- Task goal:
Return, verbatim and in full, the records that follow, but not their pictures.
Start of Material to process
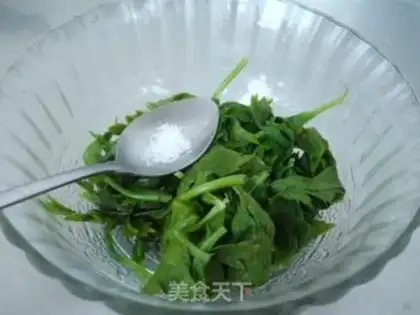 Make Celery tofu step 6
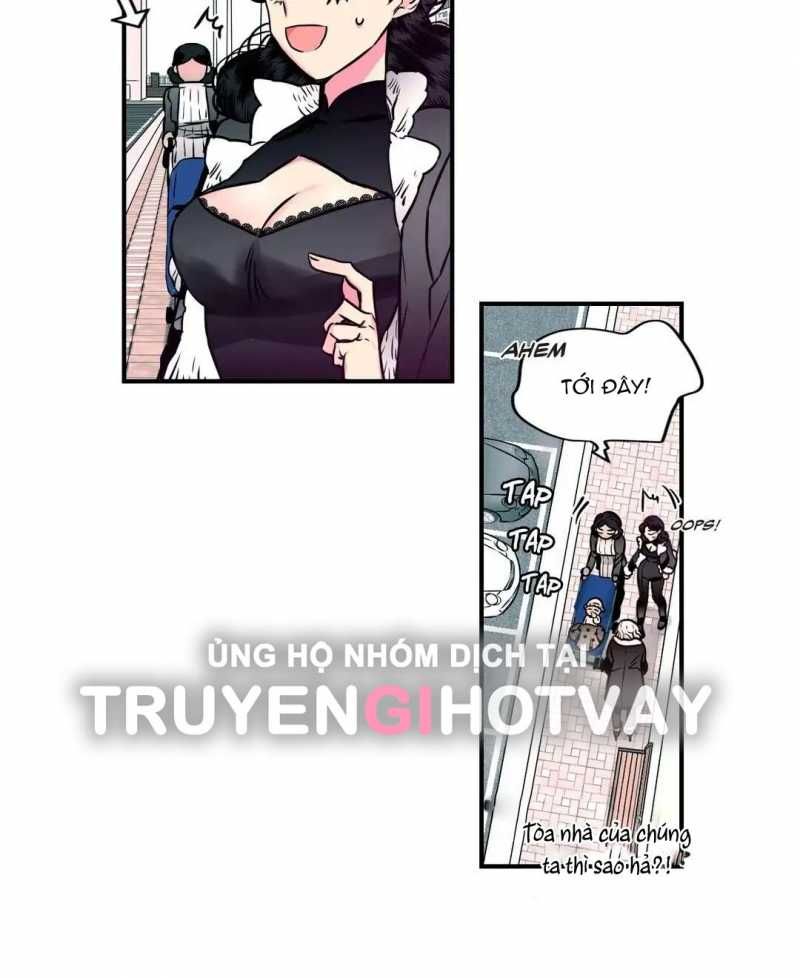 đọc truyện [18+] Hadomae Chương 97 ảnh 5 tại Truyện Dạ Ký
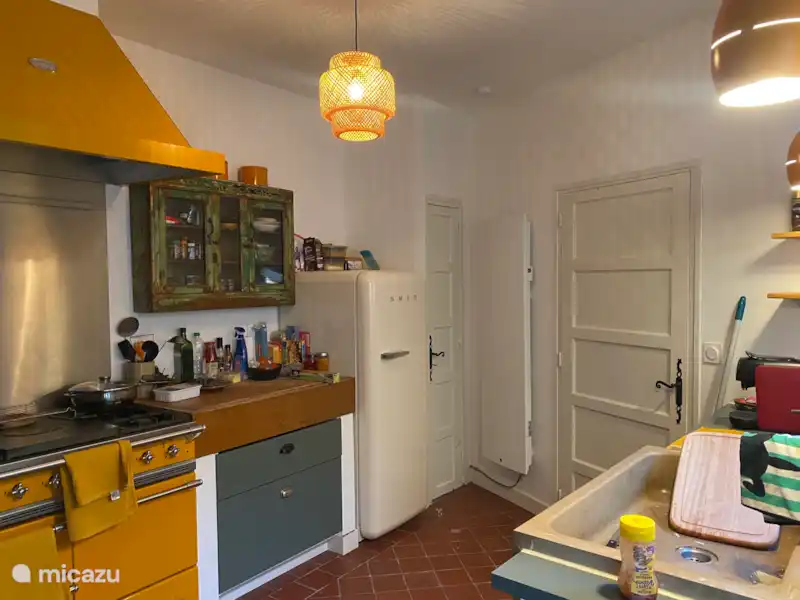 Casa rural Le Patio en Francia, Gard, Barjac - Casa rural / Cabaña Casa rural Le Patio en Francia, Gard, Barjac - Casa rural / Cabaña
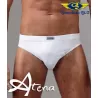 Slip uomo Raul Gasoline Blu Mutanda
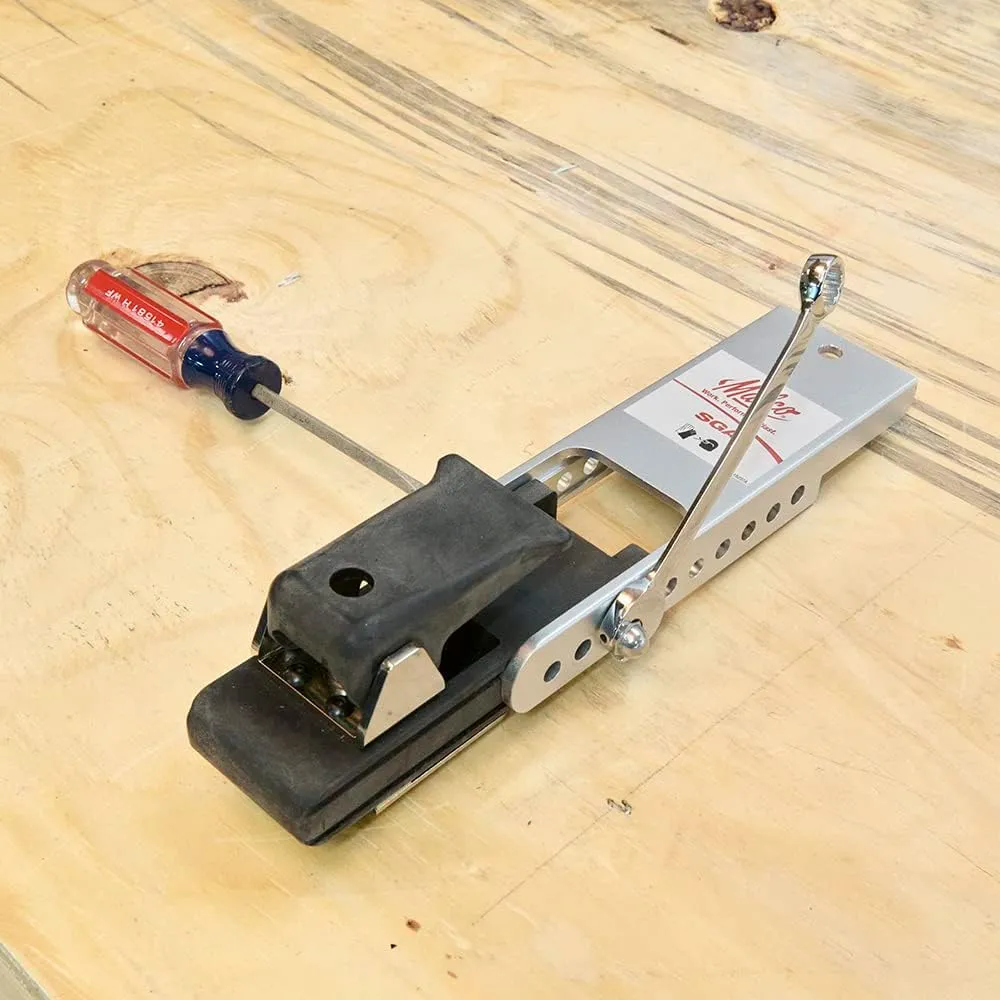 Malco SGA Adjustable Siding Gauge 2 Pack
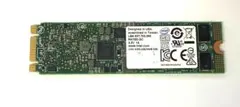 ③-W929-Intel SATA M.2 480GB SSD 1点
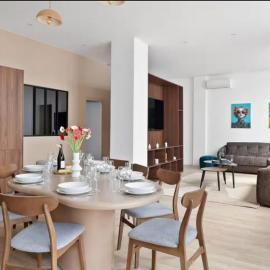 Dream vacation apartment Zoe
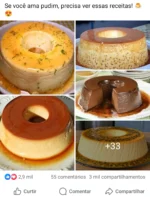 Vendo páigna do Facebook com 20 mil seguidores monetizada em vídeos, reels, fotos e textos! - Imagem 2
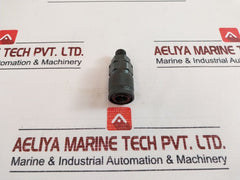Walther-prazision Hp-004 High-pressure Fitting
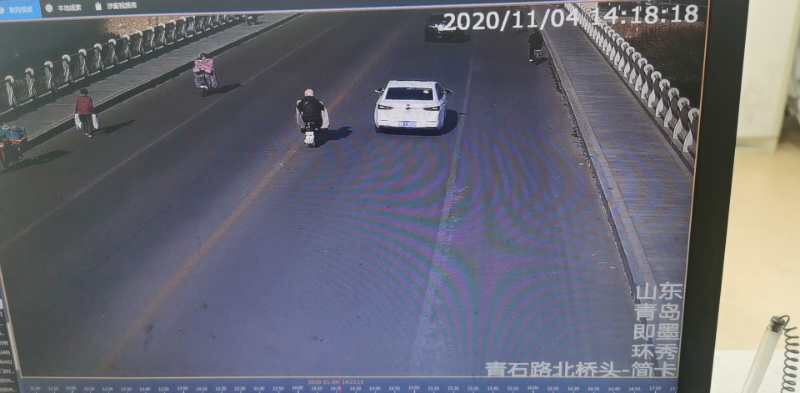 走失者照片 家中老人走失，请大家帮帮忙留意寻找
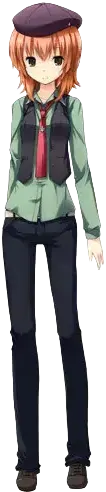 早乙女霞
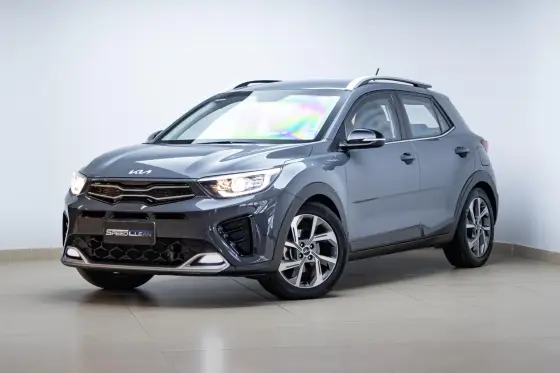 KIA STONIC 1.0 TGDI MHEV SX AUTOMÁTICO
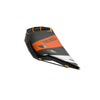 Mástil de Wingsurf Wing Negro Y28 Talla 4.0 RRD 28WWB_BL_4_0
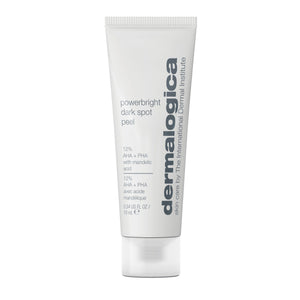 dermalogica powerbright dark spot peel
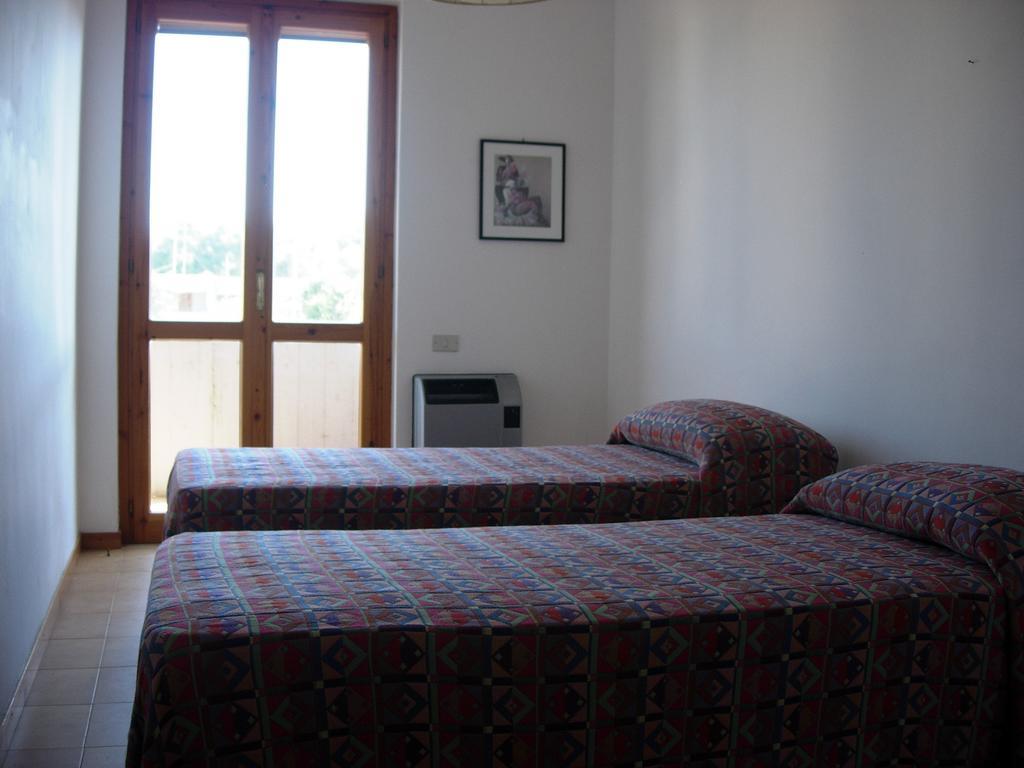 Holiday Home Salento Lecce Kamer foto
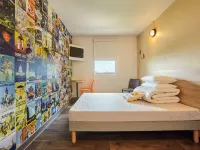 Hotelf1 Annecy Argonay Hotels in Thorens-Glieres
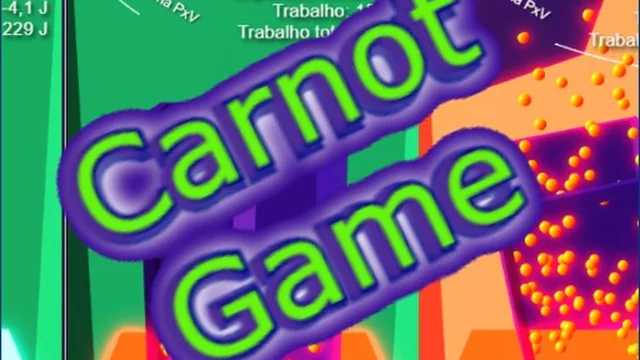 Carnot Game   Casual Physics game thumbnail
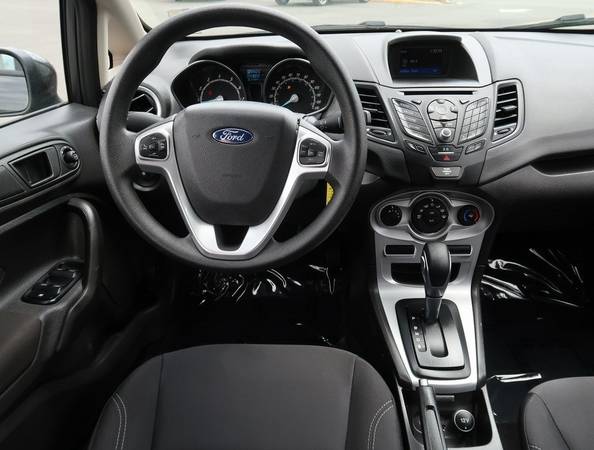 2019 Ford Fiesta SE - - by dealer - vehicle automotive for sale in Graham, NC – photo 10
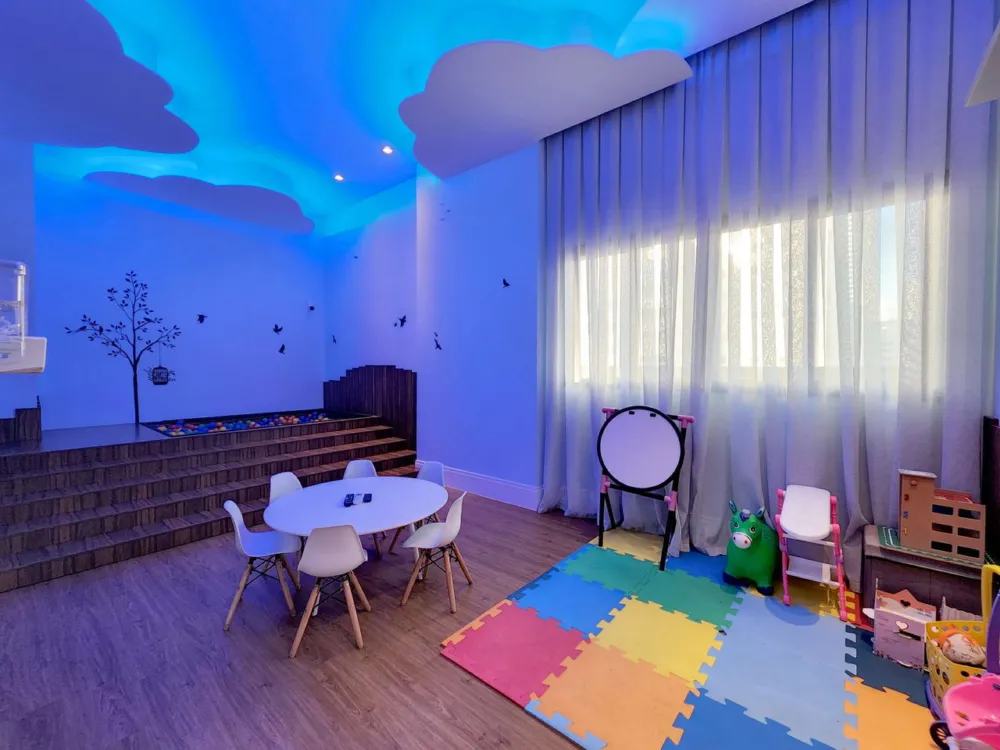 Apartamento 3 quartos para venda no bairro Centro em Balneário Camboriú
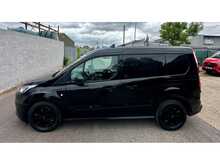 Ford Transit Connect 1.5 200 EcoBlue Limited Panel Van 5dr Diesel Auto L1 Euro 6 (s/s) (120 ps) 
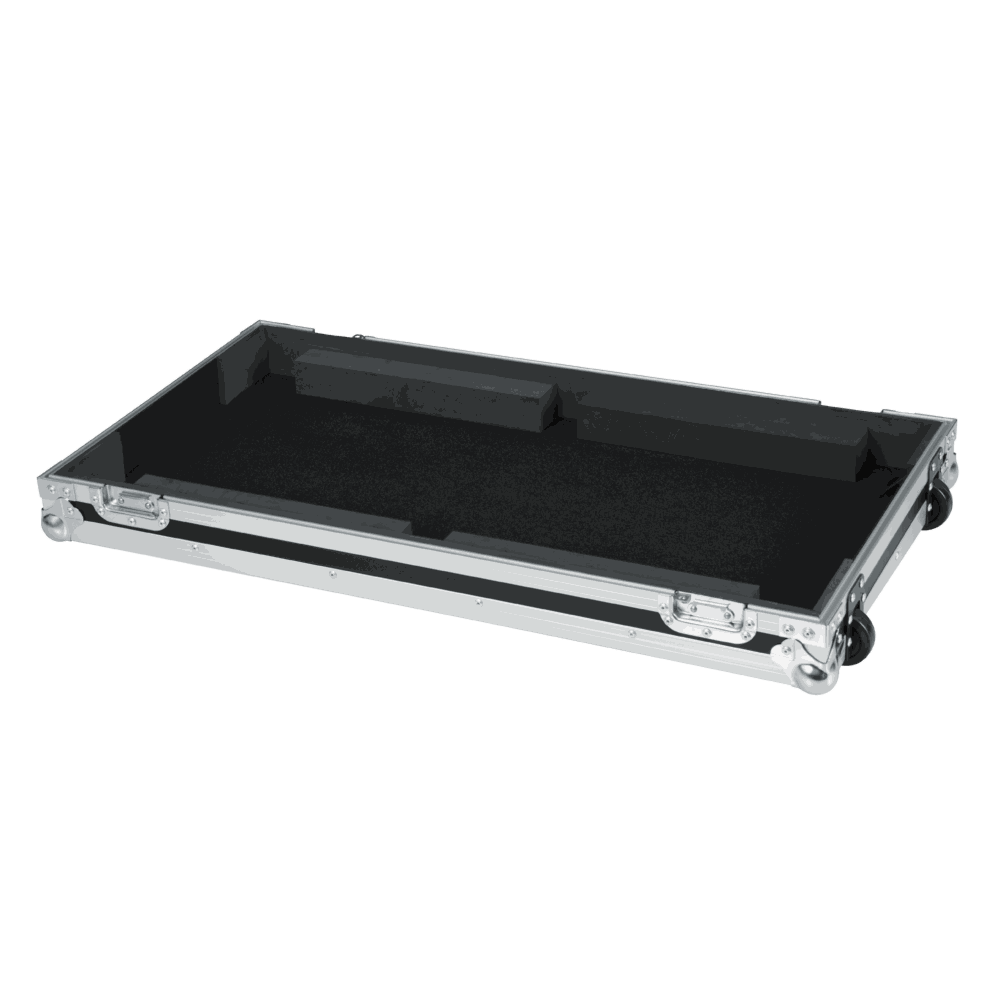 Gator G-TOUR Pedal Board - Extra Large with wheels - view 2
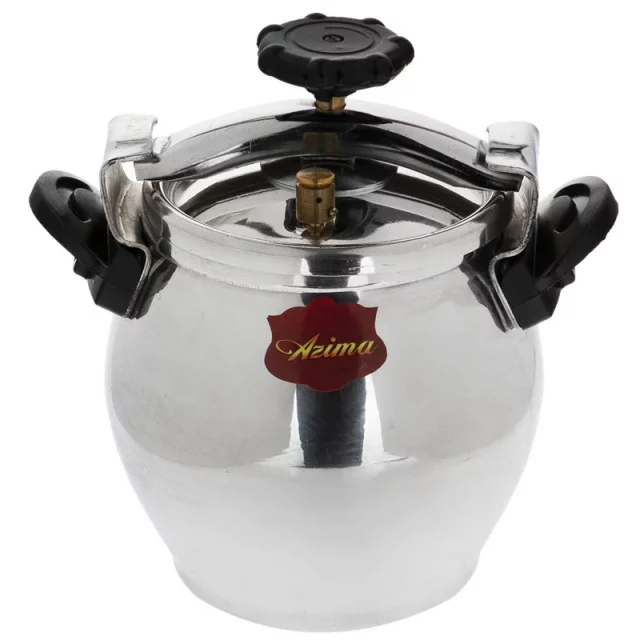 زودپز عظیما مدل 20-H49 گنجایش 5 لیتر خمره ای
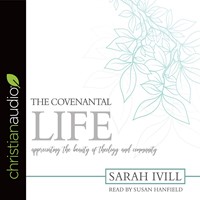 The Covenantal Life Audio Book (CD-Audio)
End of Material to process
- Answer box:
 Make Celery tofu step 6
 đọc truyện [18+] Hadomae Chương 97 ảnh 5 tại Truyện Dạ Ký
 Casa rural Le Patio en Francia, Gard, Barjac - Casa rural / Cabaña Casa rural Le Patio en Francia, Gard, Barjac - Casa rural / Cabaña
 Slip uomo Raul Gasoline Blu Mutanda
 Malco SGA Adjustable Siding Gauge 2 Pack
 ③-W929-Intel SATA M.2 480GB SSD 1点
 Dream vacation apartment Zoe
 Vendo páigna do Facebook com 20 mil seguidores monetizada em vídeos, reels, fotos e textos! - Imagem 2
Walther-prazision Hp-004 High-pressure Fitting
 走失者照片 家中老人走失，请大家帮帮忙留意寻找
 早乙女霞
 KIA STONIC 1.0 TGDI MHEV SX AUTOMÁTICO
 Mástil de Wingsurf Wing Negro Y28 Talla 4.0 RRD 28WWB_BL_4_0
 dermalogica powerbright dark spot peel
 Holiday Home Salento Lecce Kamer foto
 Hotelf1 Annecy Argonay Hotels in Thorens-Glieres
 Carnot Game   Casual Physics game thumbnail
 2019 Ford Fiesta SE - - by dealer - vehicle automotive for sale in Graham, NC – photo 10
 Apartamento 3 quartos para venda no bairro Centro em Balneário Camboriú
 Ford Transit Connect 1.5 200 EcoBlue Limited Panel Van 5dr Diesel Auto L1 Euro 6 (s/s) (120 ps) 
 Gator G-TOUR Pedal Board - Extra Large with wheels - view 2
 زودپز عظیما مدل 20-H49 گنجایش 5 لیتر خمره ای
 The Covenantal Life Audio Book (CD-Audio)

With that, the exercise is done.